牛タンが国産でなく外国産を使う理由

私が初めて仙台にいったのは8年前になります。

もちろん、仙台名物の「牛タン」を食べたのは言うまでもありません。

仙台牛の凄さはしっていたので、

やっぱり「仙台牛の牛タンは美味いなー」なんて思ってました。

 

お土産にも牛タンを買ったのですが、

後日何気なく商品表記を見てみると、「アメリカ産」だったのです。

 

「あれ?牛タンなのに?騙されたか??」

 

と思ったのですが、実は牛タンで仙台牛などの国産を使っているところはほぼありません。

ほとんどがアメリカ産かオーストラリア産の牛タンを使用しています。

 

なぜに!?と思ったので調べてみると納得の理由があります。

意外に疑問に思っている方も多かったので、今回テーマにしてみました。

 

単価が高くて国産牛はつかえない

もともと牛タンは一頭あたり20枚程度(3~4人前)しか取れないほどの希少部位です。

国産和牛や仙台牛は一頭あたりのお値段が張ります。

特に仙台牛は最高級ランクの5ランクしか存在しないために、

とても1000円代でお店に出すのは不可能です。

 

部位買いがしにくい

併せて、国産和牛は一頭買いするのが通常です。

牛タンは舌のみしか使うことができませんが、

どうしてもその他の部位も買う必要がでてくるため、

牛タン専門として切り盛りするのは難しくなってきます。

 

じつはアメリカ産は牛タンにとても向いている

その点、アメリカ産は「部位買い」ができるのが特徴で、単価も安くなってきます。

人件費なども合わせると、アメリカ産なら買い求めやすい価格で提供できるのです。

 

どうしても外国産と国産だと国産が上という印象を持ちますが、

じつは牛タンに関してはアメリカ産はすごく向いています。

一般的にはアメリカ産は穀物飼育のために肉質が柔らかいので、

分厚く切っても大丈夫で、肉汁も豊富。

 

仙台牛タンの「分厚いのに柔らかく、肉汁が口いっぱいに広がる」

という体験を提供しやすいのです。

 

ところが狂牛病問題で、アメリカ産使用が困難に

ご存知のように、以前アメリカの狂牛病問題で、輸入規制が入ったのは記憶に新しいです。

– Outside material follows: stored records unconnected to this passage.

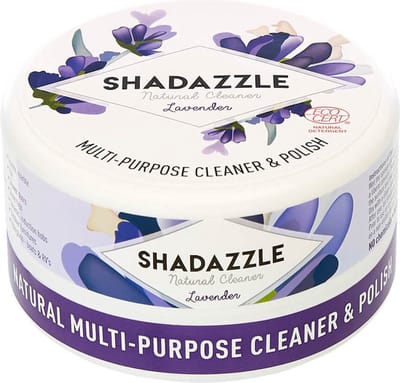 Shadazzle - Ovenreiniger - Kookplaat reiniger - Alles Proper met – Kunststof reiniger Zilverpoets - Alles Reiniger - 300 ML -Lavendel
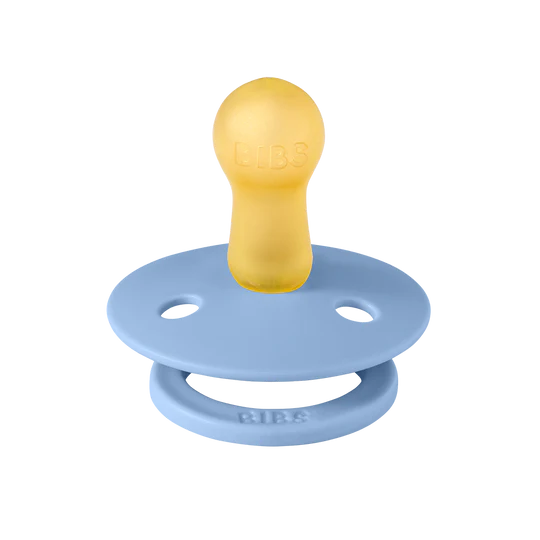 Bibs Pacifier Original 2pk - BabyBlue/SkyBlue 0-6M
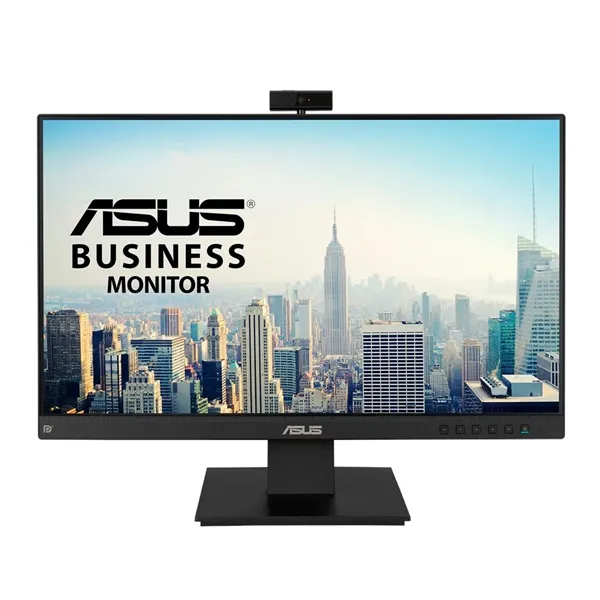 Monitor Profesional Asus BE24EQK 23.8'/ Full HD/ Webcam/ Multimedia/ Negro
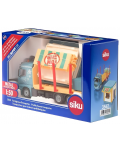 Siku Toy Set - Camion cu casă prefabricată, 1:50 - 8t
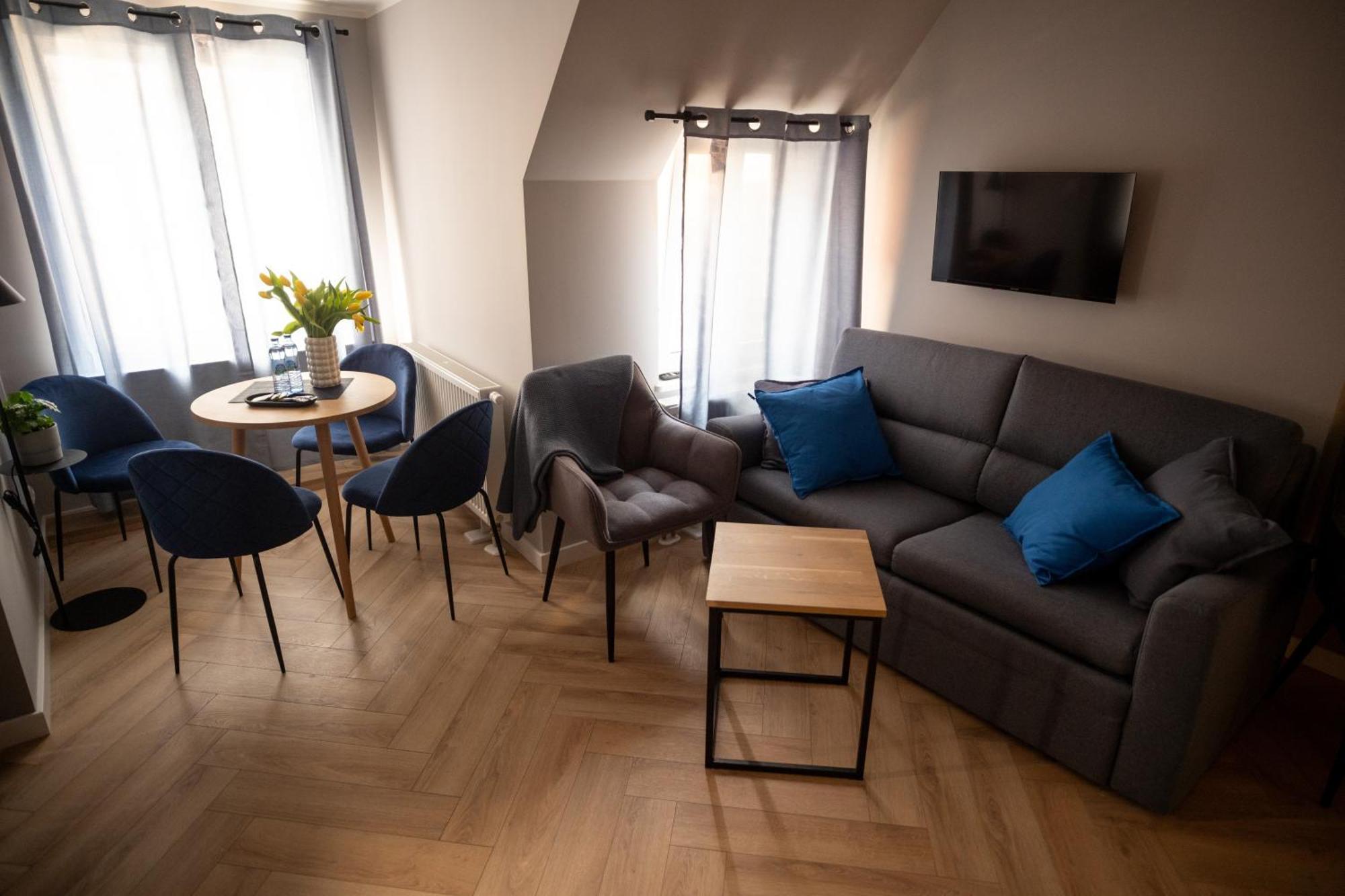 Apartamenty Drevny Kocur Posen Exterior foto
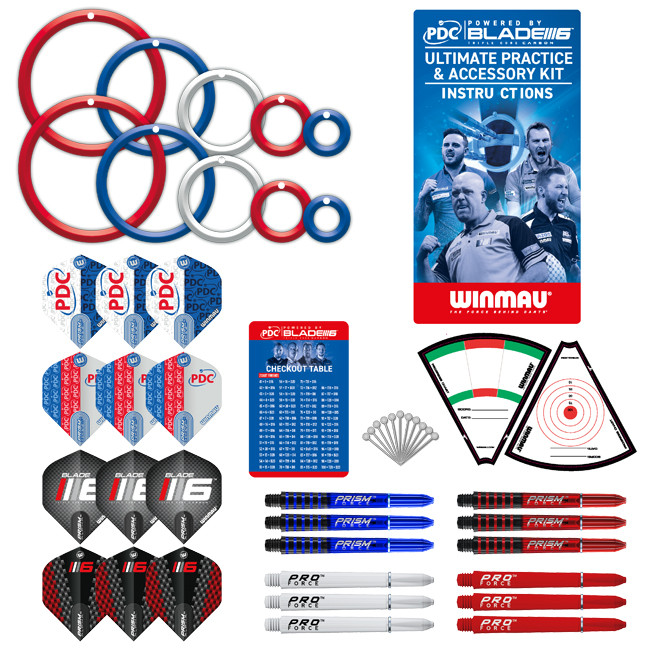 WINMAU PDC Ultimate Practice &amp; Accesory Kit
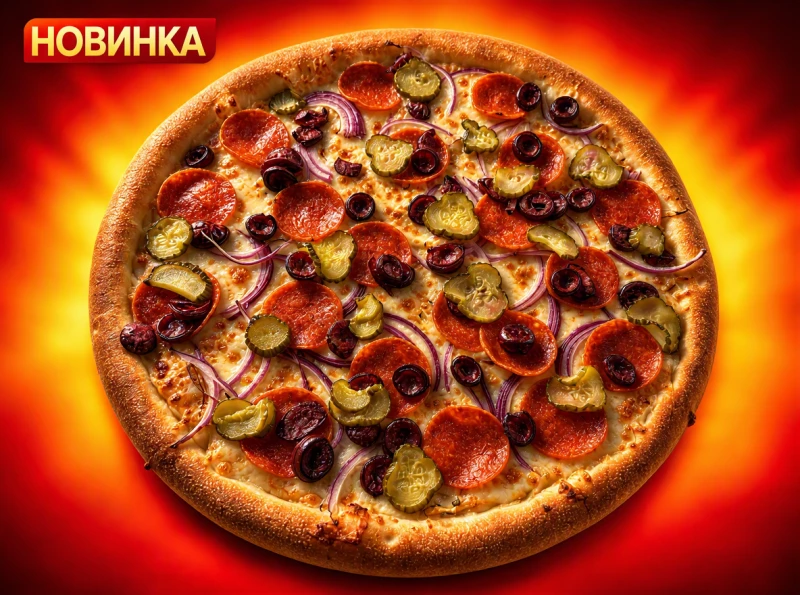 ПИЦЦА НОВАЯ!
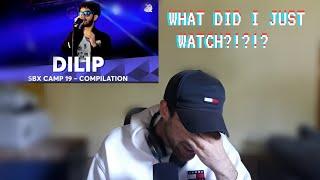 DILIP   SBX Camp Student Solo Battle 2019 Champion Compilation  MY REACTION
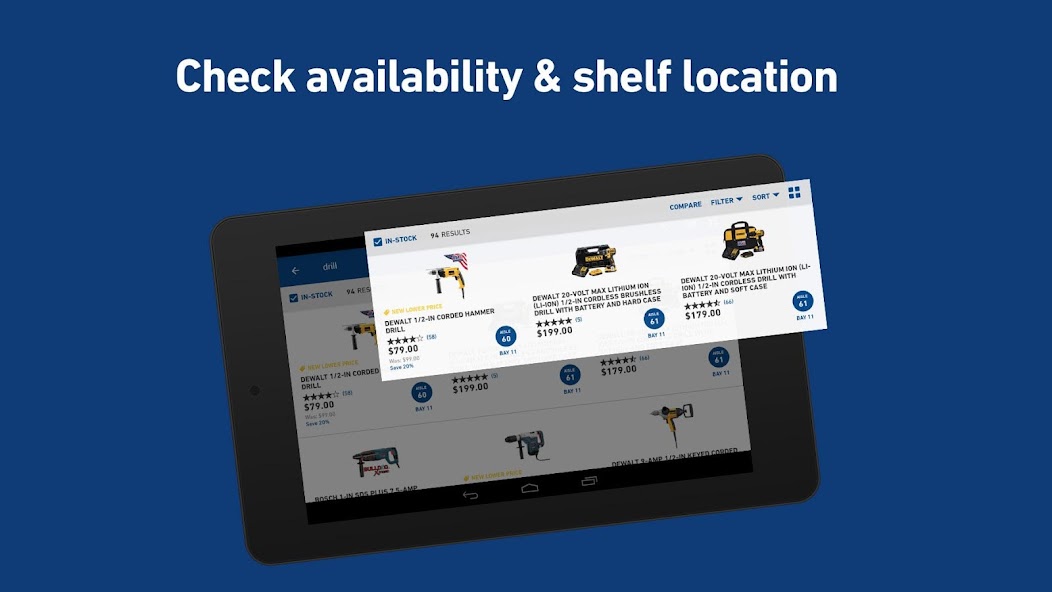 Lowe's screenshot 11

じつは牛丼屋と並んで、ピンチだったのが仙台の牛タン屋だったんです。

実際つぶれてしまったお店も多かったとか。

 

そこで、オーストラリア産をつかう店舗が増えてきました。

オーストラリア産は牧草飼育のために肉に臭みがあり、硬めといわれています。

そのためアメリカ産と比べると、どうしても不向きではありますが、

そこはベテラン職人達の丁寧な仕込みと熟成で、一定以上の旨みを引き出しています。

そのため、「仙台の牛タン」は評判を落とさず、むしろ広がっていっています。

 

今では通販の拡大で、楽天などで国産牛タンを買うことができます。

ただ老舗店の「あの味付け」はされていません。

 

通常の老舗店の牛タンは、外国産になってしまいますが、

個人的には国産も外国産も関係ないと感じています。

牛たんには「熟成作業」が不可欠ですし、

お肉本来の旨みを引き出すのは職人の力量で、

老舗店の牛たんは間違いなくおいしいです。

 

通販する際は、産地に注目してみるのもよいかもしれません。

オーストラリア産でも十分美味しいですが、

ご家庭で仙台の牛タンを最大限味わうなら、アメリカ産を私はおススメしています。

とはいえ、好みもありますので、

是非いろいろと食べ比べてみてはいかがでしょうか。